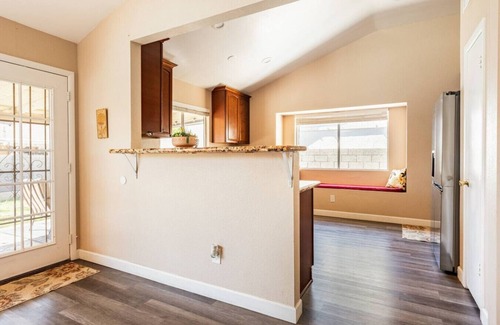 Glendale House | 3B w/pool for groups near stadium & entertainment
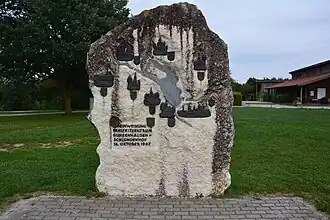 Gedenkstein zur Einweihung des Freizeitparkes 1987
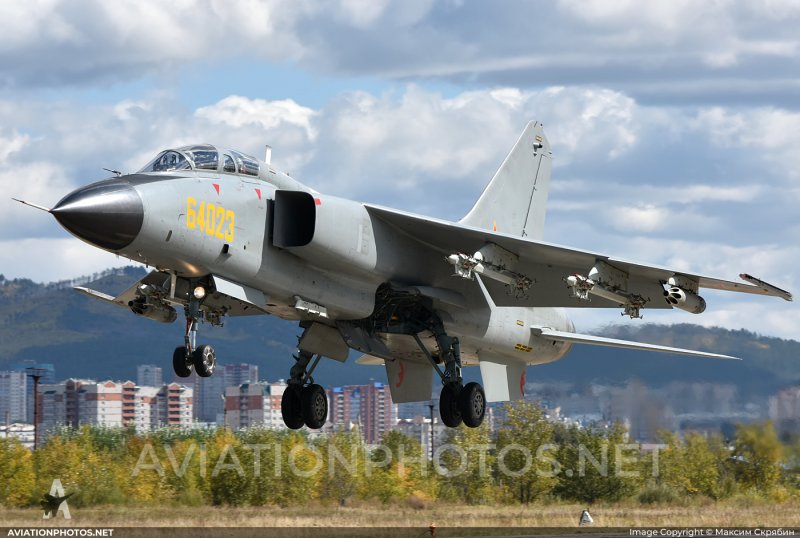 Xian JH-7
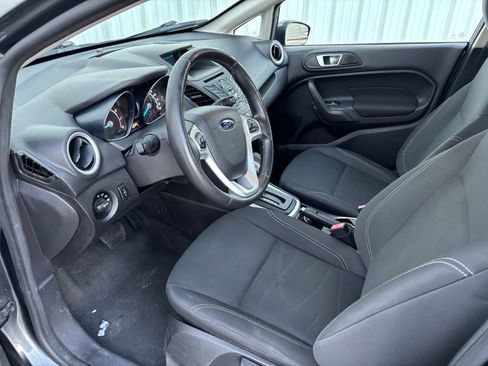 Used 2015 Ford Fiesta SE image 15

Directions for this task
Reproduce the data word for word, excluding its pictures.

Your response
 Glendale House | 3B w/pool for groups near stadium & entertainment
 Gedenkstein zur Einweihung des Freizeitparkes 1987
 Xian JH-7
 Used 2015 Ford Fiesta SE image 15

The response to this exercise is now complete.